▸ **Assignment**
Scan the records below for the line with "линии соприкосновения. Владимир" and the line with "misted-glass-2326676_960_720.jpg". Repeat those two lines and every line between them exactly, and nothing else.

** Opening Material provided block **

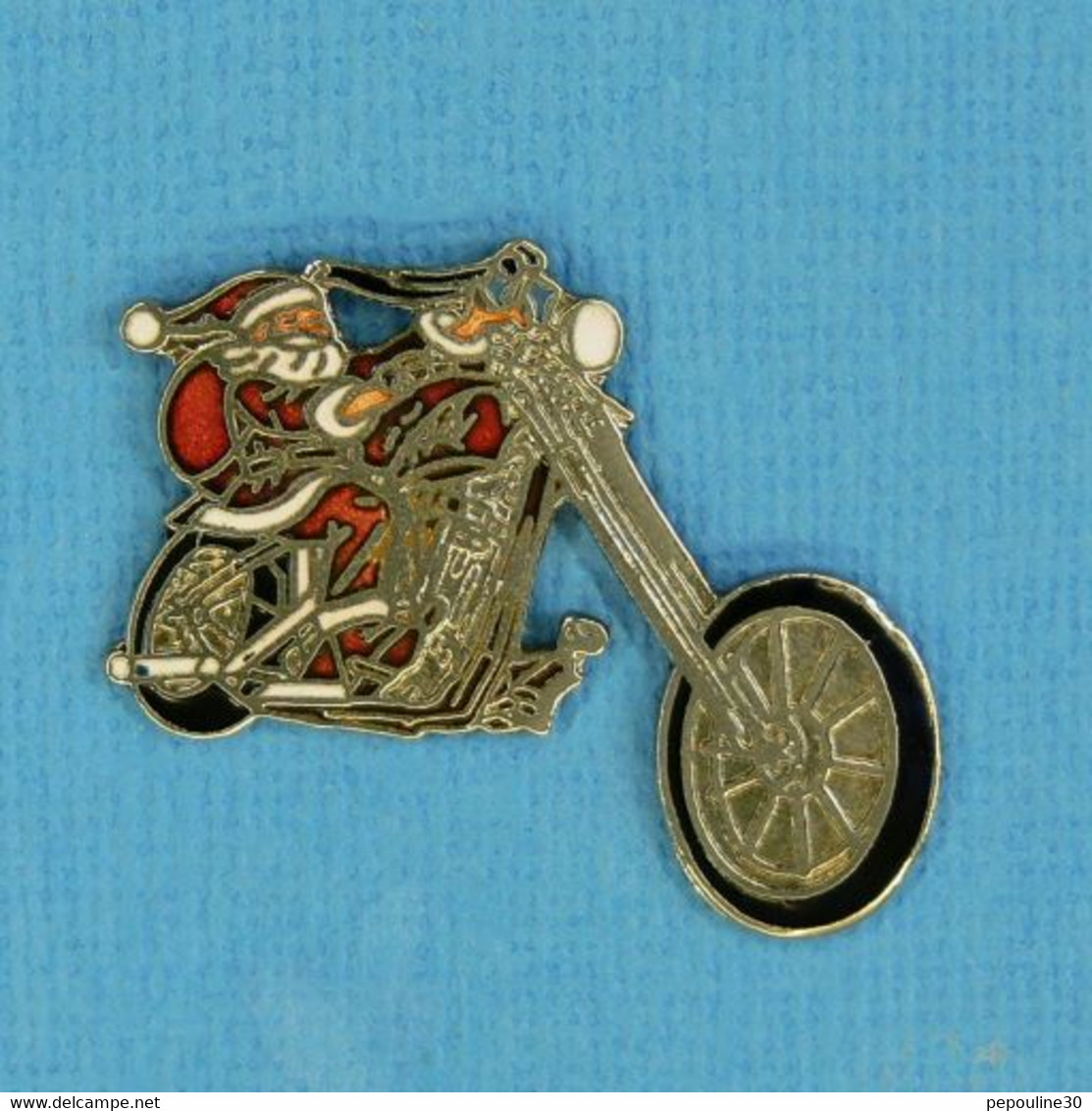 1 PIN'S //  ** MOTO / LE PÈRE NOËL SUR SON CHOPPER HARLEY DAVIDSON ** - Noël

** Closing Material provided block **
** Opening Material provided block **

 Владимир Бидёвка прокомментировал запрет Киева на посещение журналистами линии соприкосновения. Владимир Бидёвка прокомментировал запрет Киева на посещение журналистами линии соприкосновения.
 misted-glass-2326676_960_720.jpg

** Closing Material provided block **

▸ **Response to this exercise**
 Владимир Бидёвка прокомментировал запрет Киева на посещение журналистами линии соприкосновения. Владимир Бидёвка прокомментировал запрет Киева на посещение журналистами линии соприкосновения.
 misted-glass-2326676_960_720.jpg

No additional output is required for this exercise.